Ganz ähnlich argumentierte der frühere israelische Außenminister Abba Eban. Er schrieb in einem Artikel, der am 18. November 1981 in der New York Times erschien: „Niemand erweist Israel einen Dienst, indem er sein ‚Existenzrecht‘ proklamiert. Es ist beunruhigend, dass so viele, die Israel wohl gesonnen sind, diese verächtliche Formulierung im Munde führen. ‚Israels Existenzrecht‘ ist wie das der Vereinigten Staaten, Saudi-Arabiens und das von 152 anderen Staaten ein Axiom und gilt uneingeschränkt. Die Legitimität Israels ist nicht in der Schwebe und wartet darauf anerkannt zu werden.

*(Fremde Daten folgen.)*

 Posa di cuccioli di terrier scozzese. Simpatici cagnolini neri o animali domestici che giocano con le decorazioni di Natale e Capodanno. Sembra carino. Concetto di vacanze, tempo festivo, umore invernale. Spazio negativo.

Damals stand also für führende israelische Politiker fest, Israels Recht auf Existenz als gegeben zu betrachten – etwas, das außer jedem Zweifel steht. Sie wiesen jede Vorstellung zurück, dass Israel irgendjemanden brauche, der ihm seine Existenz bestätigt. Wer Israels Existenzrecht aber ständig einfordern zu müssen glaubt wie jetzt die CDU, hat wohl doch Zweifel und muss sich selbst vom Gegenteil überzeugen.

Interessant ist, wie der britisch-jüdische Philosoph Brian Klug die Forderung nach der Anerkennung des Existenzrechts einschätzt. Er schreibt: „Im Übrigen unterstellt die andauernde Betonung seines Existenzrechts, dass Israel unter einer andauernden Bedrohung seiner Existenz steht – entweder durch die Palästinenser und durch Staaten der Region. Das trägt dazu bei, eine ganze Weltanschauung – „wir gegen die Welt“ – zu verstärken und zugleich die militaristische Denkweise, die sie unweigerlich nach sich zieht. Dies legt nahe, […] dass diese beständige ‚existenzielle Bedrohung‘ jegliches illegale Vorgehen Israels und jede seiner umstrittenen Maßnahmen rechtfertigt.“ Und weiter schreibt Klug: „Wenn Israel seine kriegerische Haltung nicht ändern kann; wenn die Mentalität des fortgesetzten Krieges weiterhin vorherrscht, bei dem sich jedes Geplänkel zur Schlacht um das Überleben des jüdischen Volkes auswächst; dann werden die Konsequenzen für Israel ebenso fatal sein, wie sie für andere tödlich sind. Die israelische Rhetorik von der ‚Existenz‘, die Teil seiner kriegerischen Haltung ist, gefährdet genau dies, seine Existenz. Um seine Zukunft zu sichern, braucht Israel niemanden – weder die Hamas noch Sie noch mich – , der sein Existenzrecht anerkennt.

Vielleicht sollten alle, die ständig die Anerkennung von Israels Existenzrecht im Munde führen, über diese Wort eines britischen Juden einmal nachdenken.